BEGIN DATA FOR THIS EXERCISE

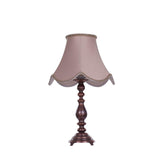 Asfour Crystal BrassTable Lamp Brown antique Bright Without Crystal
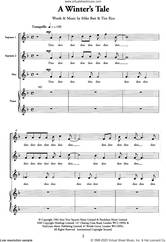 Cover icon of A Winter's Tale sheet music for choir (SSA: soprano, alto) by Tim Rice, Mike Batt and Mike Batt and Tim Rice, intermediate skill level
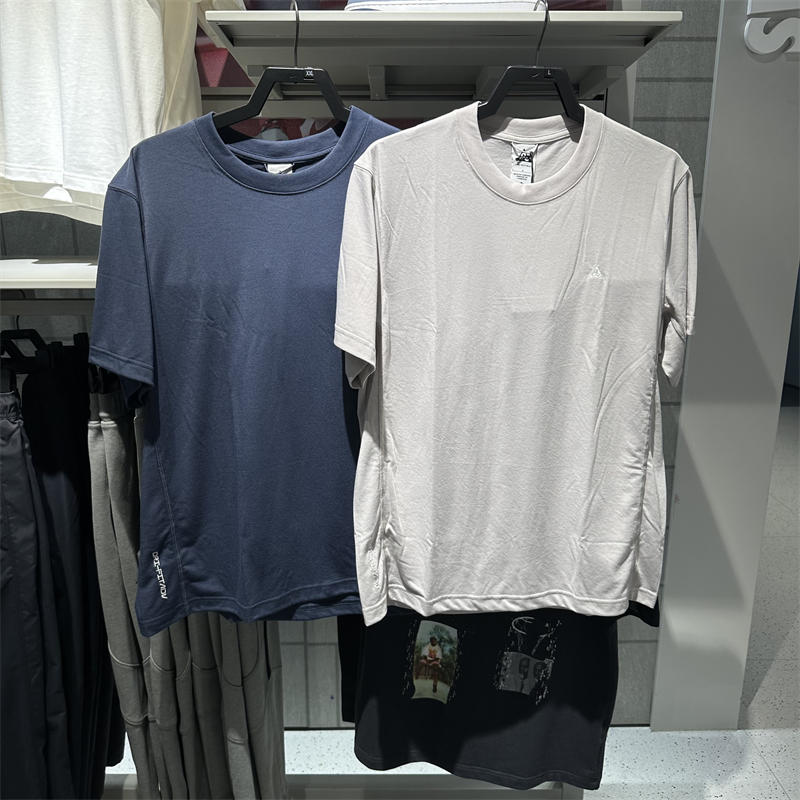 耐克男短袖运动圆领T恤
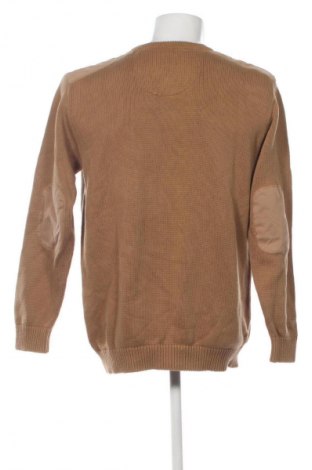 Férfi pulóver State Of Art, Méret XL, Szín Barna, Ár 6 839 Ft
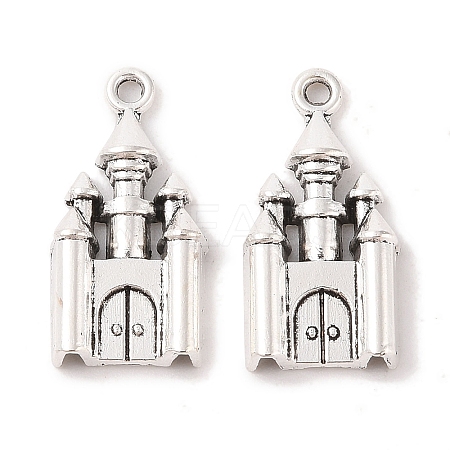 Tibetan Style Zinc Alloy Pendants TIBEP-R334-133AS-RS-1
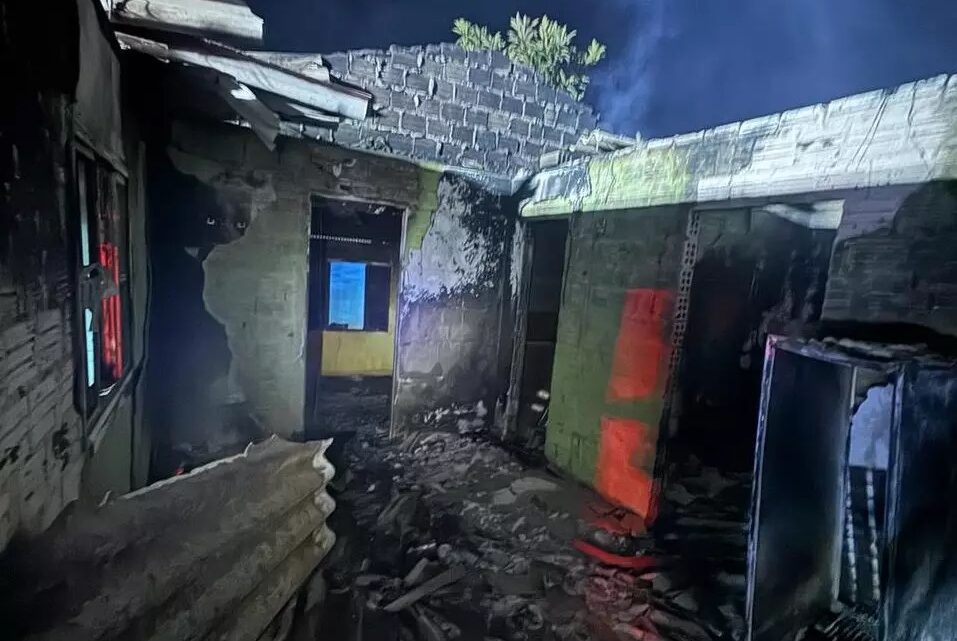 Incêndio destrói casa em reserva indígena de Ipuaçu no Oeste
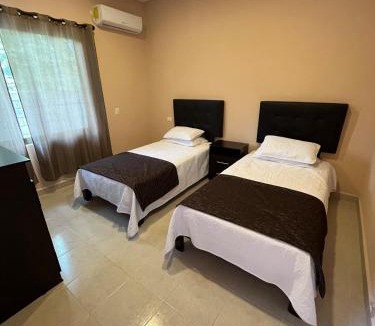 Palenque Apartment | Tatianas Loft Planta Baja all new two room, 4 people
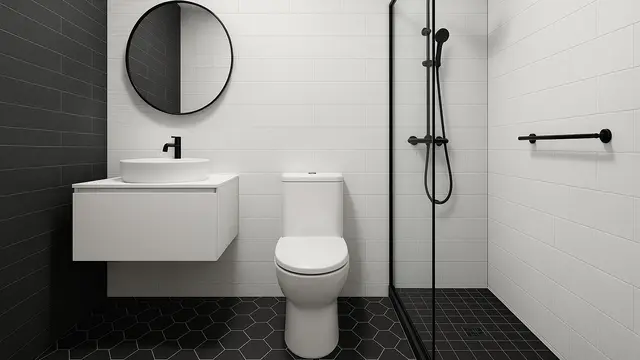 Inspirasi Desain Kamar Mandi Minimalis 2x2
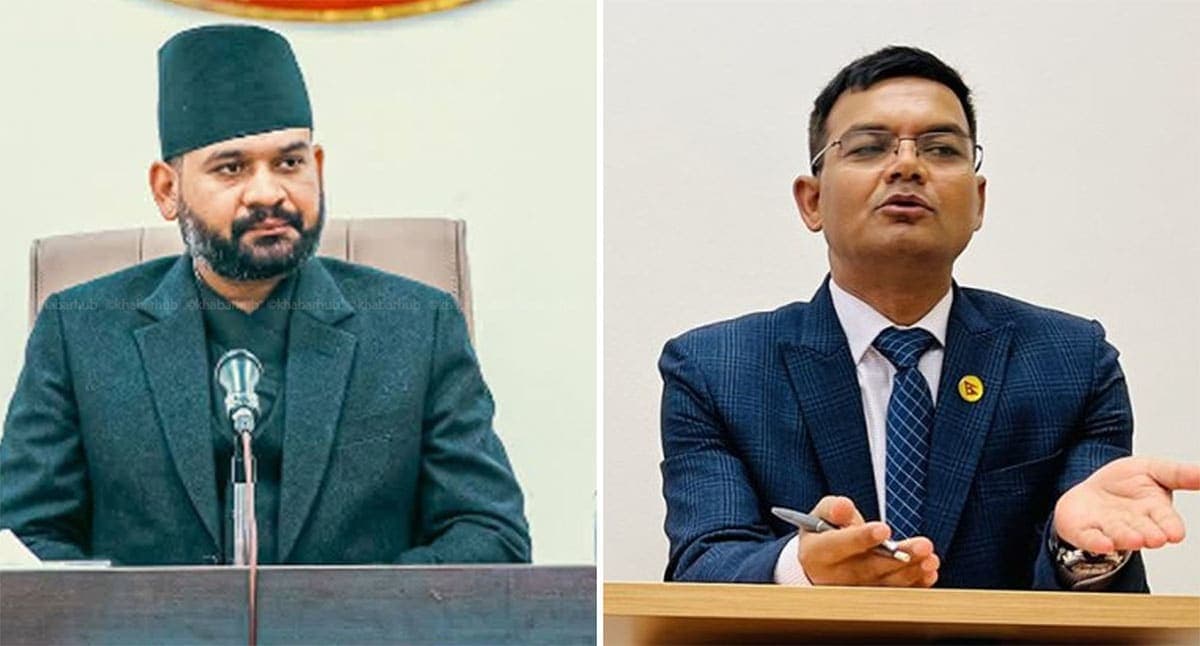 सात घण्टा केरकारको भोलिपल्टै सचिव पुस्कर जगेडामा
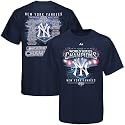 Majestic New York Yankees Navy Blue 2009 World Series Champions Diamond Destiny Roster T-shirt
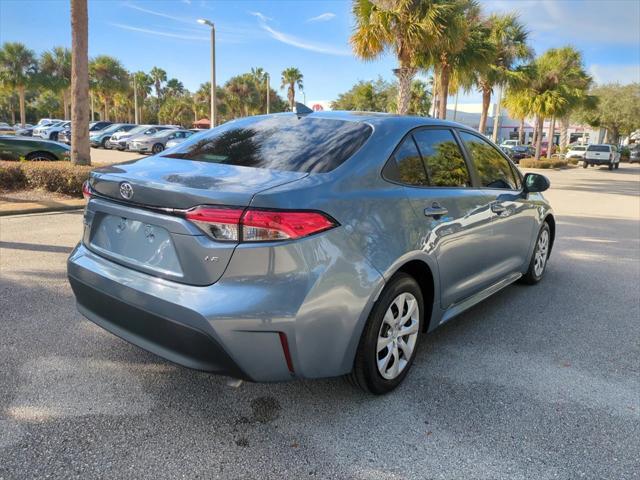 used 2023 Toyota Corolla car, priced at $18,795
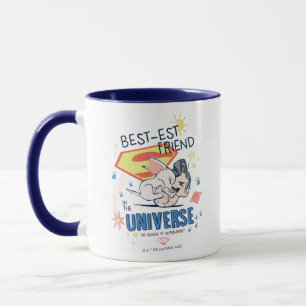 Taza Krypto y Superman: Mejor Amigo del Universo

END DATA FOR THIS EXERCISE

TASK GOAL: Could you copy the lines above exactly and skip the images?

ANSWER:
 Asfour Crystal BrassTable Lamp Brown antique Bright Without Crystal
 Cover icon of A Winter's Tale sheet music for choir (SSA: soprano, alto) by Tim Rice, Mike Batt and Mike Batt and Tim Rice, intermediate skill level
 耐克男短袖运动圆领T恤
 Férfi pulóver State Of Art, Méret XL, Szín Barna, Ár 6 839 Ft
 Tibetan Style Zinc Alloy Pendants TIBEP-R334-133AS-RS-1
 Incêndio destrói casa em reserva indígena de Ipuaçu no Oeste
 Palenque Apartment | Tatianas Loft Planta Baja all new two room, 4 people
 Inspirasi Desain Kamar Mandi Minimalis 2x2
 सात घण्टा केरकारको भोलिपल्टै सचिव पुस्कर जगेडामा
 Majestic New York Yankees Navy Blue 2009 World Series Champions Diamond Destiny Roster T-shirt
 used 2023 Toyota Corolla car, priced at $18,795
 Taza Krypto y Superman: Mejor Amigo del Universo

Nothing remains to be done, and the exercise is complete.